Fourth Court of Appeals
San Antonio, Texas
MEMORANDUM OPINION
No. 04-19-00669-CR
Joshua SCHECHTER,
Appellant
v.
The STATE of Texas,
Appellee
From the 437th Judicial District Court, Bexar County, Texas
Trial Court No. 2019CR1922
Honorable Lori I. Valenzuela, Judge Presiding
PER CURIAM
Sitting: Sandee Bryan Marion, Chief Justice
Beth Watkins, Justice
Liza A. Rodriguez, Justice
Delivered and Filed: December 27, 2019
APPEAL DISMISSED
Appellant Joshua Schechter entered into a plea bargain with the State pursuant to which he
pleaded nolo contendere to possession of a controlled substance. The trial court imposed sentence
in accordance with the agreement and signed a certificate stating this “is a plea-bargain case, and
the defendant has NO right of appeal.” See TEX. R. APP. P. 25.2(a)(2). Appellant timely filed a
notice of appeal, and the district clerk filed a copy of the clerk’s record, which includes the trial
court’s rule 25.2(a)(2) certification and a written plea bargain agreement. See id. R. 25.2(d).
04-19-00669-CR
“In a plea bargain case . . . a defendant may appeal only: (A) those matters that were raised
by written motion filed and ruled on before trial, (B) after getting the trial court’s permission to
appeal, or where the specific appeal is expressly authorized by statute.” Id. R. 25.2(a). We must
dismiss an appeal “if a certification that shows the defendant has the right of appeal has not been
made part of the record.” Id. R. 25.2(d).
Here, the clerk’s record establishes the punishment assessed by the trial court does not
exceed the punishment recommended by the prosecutor and agreed to by the defendant. See id. R.

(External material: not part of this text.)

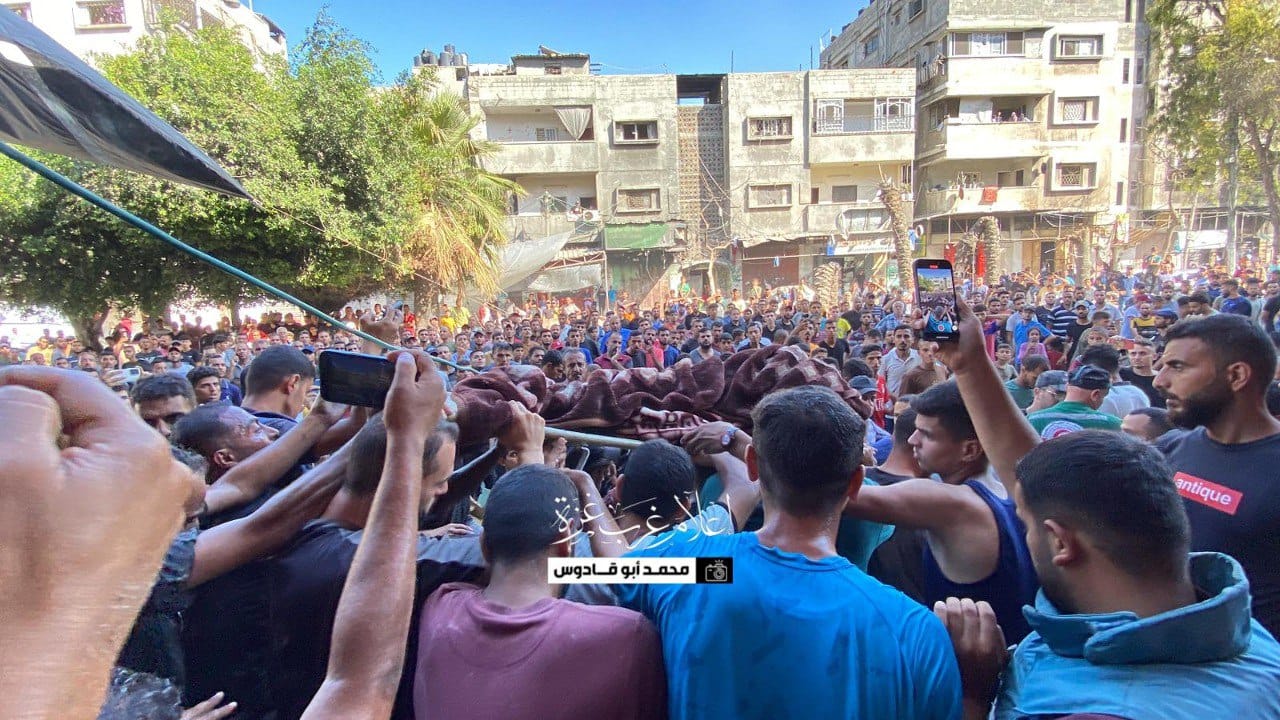 Israeli warplanes kill three Palestinians in Gaza apartment strike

25.2(a)(2). The record also supports the trial court’s certification that appellant does not have a
right to appeal. See Dears v. State, 154 S.W.3d 610, 614 (Tex. Crim. App. 2005) (holding that
court of appeals should review clerk’s record to determine whether trial court’s certification is
accurate).
On November 7, 2019, we gave appellant notice that this appeal would be dismissed
pursuant to rule 25.2(d) of the Texas Rules of Appellate Procedure unless an amended certification
showing that appellant has the right to appeal was made part of the appellate record by December
9, 2019. See TEX. R. APP. P. 25.2(d), 37.1; Daniels v. State, 110 S.W.3d 174 (Tex. App.—San
Antonio 2003, order), disp. on merits, No. 04-03-00176-CR, 2003 WL 21508347 (July 2, 2003,
pet. ref’d) (not designated for publication). Neither an amended certification nor other response
has been filed. We therefore dismiss this appeal. See TEX. R. APP. P. 25.2(d).